MTSU’s Confucius Institute sponsors educators’ China trip

Some Tennessee school administrators will devote a small part of their summer to learning more about education in China.

The Confucius Institute at MTSU is leading a delegation of educators on a 10-day excursion to China for a whirlwind sampling of Chinese elementary and secondary schools.

“It’s to get them over to China to look at the school systems, to see some cultural sites and to really make those partnerships and build those bridges,” said Mike Novak, assistant director of the institute.

A delegation of Tennessee educators heading to China for a Confucius Institute-sponosored informational trip may have a chance to see the Beijing National Stadium known as “the Bird’s Nest,” shown in this 2008 photo by MTSU President Sidney A. McPhee, and other historical sites during their visit. (File photo courtesy of Dr. Sidney A. McPhee)

The Tennessee delegation will depart June 7 and will tour sites in Shanghai, Hangzhou and Beijing, returning to the United States on June 17.

Novak said one purpose of the mission is to enhance educators’ understanding of each other’s methods. For example, he said, the pupil-teacher ratio is considerably smaller in China because those schools hire 20 to 50 percent more faculty than Western schools.

Chinese teachers also spend only 16 to 20 direct contact hours with the students out of their 40-hour workweek.

Mike Novak

Mike Novak

They have the rest of the week to spend on planning their courses and providing students with meaningful feedback. American teachers have a comparative 2 ½ hours per week for those tasks.

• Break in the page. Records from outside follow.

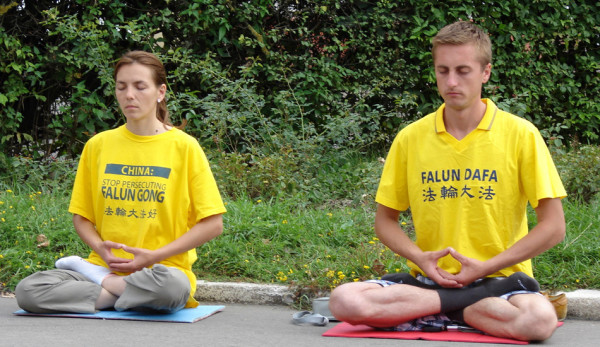 Since 1992, a Chinese qigong practice has been steadily gaining popularity all over the world. It’s known as Falun Dafa, and its master is Mr. Li Hongzhi. (Image: longtrekhome via flickr CC BY 2.0 )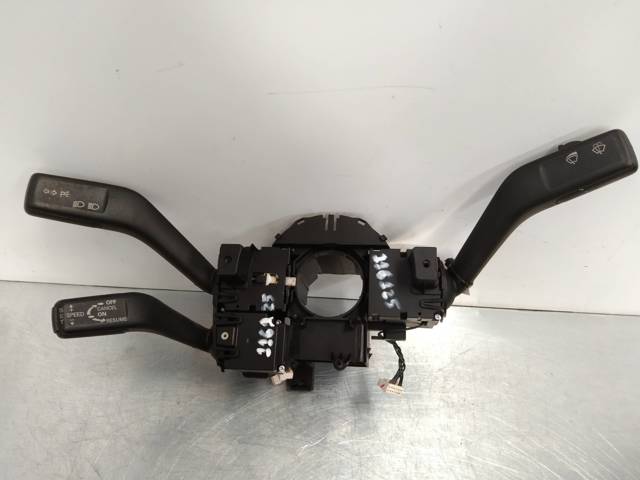 Comutador instalado na coluna da direção, montado Volkswagen Passat 3C2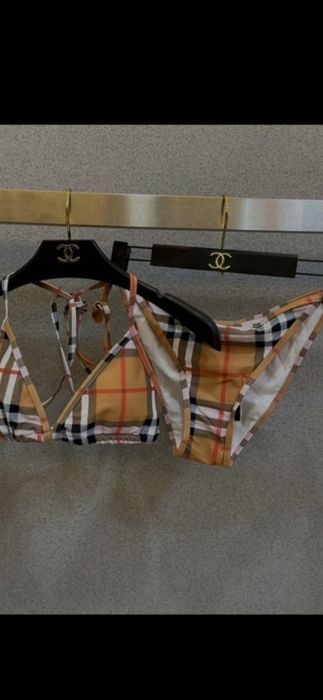 Costum de baie Burberry, model 2026, 8 modele, pret fix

Another difference, Novak noted, is in the parental involvement in their children’s education and maintenance of order in the schools. While disciplinary methods are similar, parental involvement is intense. A phone call from the school to the parents is a major event.

“If the school calls home, it’s a giant deal, and the parents get behind the school 100 percent,” Novak said. “In America, sometimes that’s not always the case.”

Confucius Institute logoThe Confucius Institute sponsored previous delegations in 2012 and 2013. The 2015 American participants are:

  • Susan Fanning, principal of Farrar Elementary School, Tullahoma City School District.
  • Debbie Edens, principal of East Middle School in the Tullahoma City School District.
  • Amanda Edens, first-grade teacher and multicultural programming committee chair of East Side Elementary School in the Hamilton County School District.
  • Robert Langford, principal of White House High School in the Sumner County School District.
  • Jane Langford, middle school teacher, Sumner County School District.
  • Melva Eileen Nwankwo, instructor of communication and representative of John Espy of the International Program Office, Volunteer State Community College, Gallatin, Tennessee.
  • Angela Elizabeth Rasnick, director of studies at The Webb School in Bell Buckle, Tennessee.

Novak, along with Confucius Institute Associate Director Yiping “Paul” Cui and MTSU International Education Outreach Officer Rachael Moore, will accompany the group on its China travels.

While the institute covers all expenses in China, airfare from and to the United States and visa fees are the responsibility of either the individuals or their schools.

The Confucius Institute at MTSU’s mission is to enhance understanding of Chinese language and culture, facilitate engagement with and create opportunities for exchange and collaboration between communities in Tennessee and China.